Wie sich immer mehr zeigt ist das genaue Gegenteil der Fall.
Aber nochmal, warum jetzt warnendes Beispiel?
Andere Marktplätze operieren in anderen Märkten wo die Erwartungshaltung (oder auch das Vorurteil) über eine geordnete Abwicklung eher anders ausfällt. Viele Anleger vertrauen den angepriesenen Buybackgarantien als Sicherheitsmechanismus. Wenn ich dann darauf hinweise, dass diese Buybackgarantie ein Versprechen ist, dass nur so gut ist wie die wirtschaftliche Lage, desjenigen der sie gibt (siehe Eurocent) kommt als nächstes Argument der Anleger, dass im sehr unwahrscheinlichen Fall eines Falles ja eine direkte Beziehung zum Kreditnehmer bestünde und der dann ja den Kredit weiterzahlen müsse.
Scheint aber bei Collateral im geregelten England schon nicht zu funktionieren. Wenig überraschend haben viele Kreditnehmer die Zahlungen eingestellt nachdem sie von den Problemen bei Collateral hörten. Schon sehr viel überraschender fehlen nun Aufzeichnungen und der Insolvenzverwalter geht davon aus, dass entgegen dem ursprünglichen Konstrukt die Ansprüche der Anleger sich nun gegen den Marktplatz richten sollten (unbesichert) statt gegen den Kreditnehmer (überwiegend besicherte Kredite).
Noch extremer wird es wenn in einzelnen Diskussionen neue P2P Kredit Anleger doch tatsächlich bestimmte P2P Kredit Angebote als Tagesgeltalternative einstufen und sehen.

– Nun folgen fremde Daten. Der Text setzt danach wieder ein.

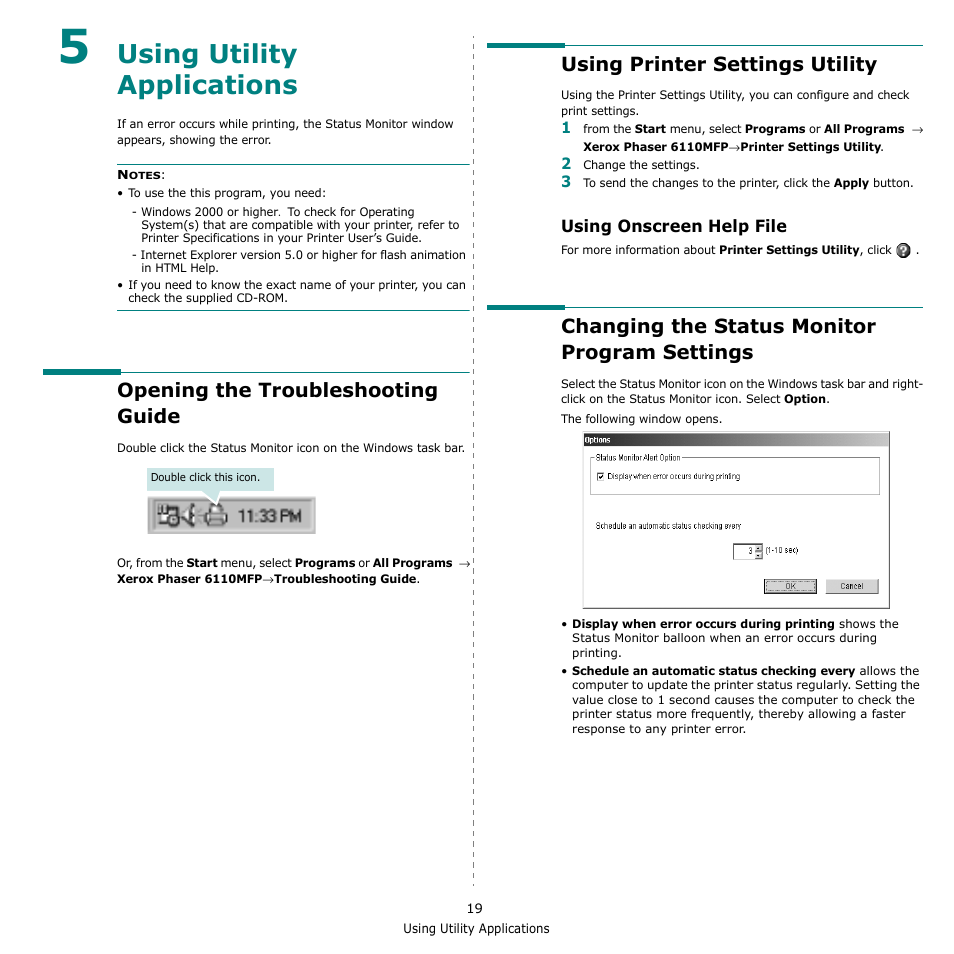 Using utility applications, Opening the troubleshooting guide, Using printer settings utility | Using onscreen help file, Changing the status monitor program settings, Chapter 5, Sing, Tility, Pplications | Xerox Phaser 6110MFP User Manual | Page 87 / 104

Zwar ist das letzte Wort im Fall Collateral nicht gesprochen, mit hoher Wahrscheinlichkeit werden vor allem Anleger, bei denen es um größere Summen geht, schlussendlich Rechtsmittel ergreifen, aber der Fall zeigt schon sehr exemplarisch wie weit der tatsächliche Abwicklungsprozess sich von dem unterscheiden kann, den die Anleger (zu Recht) erwarteten als sie anlegten, weil er Ihnen so beschrieben wurde und durch die Regulierung zumindest suggeriert wurde.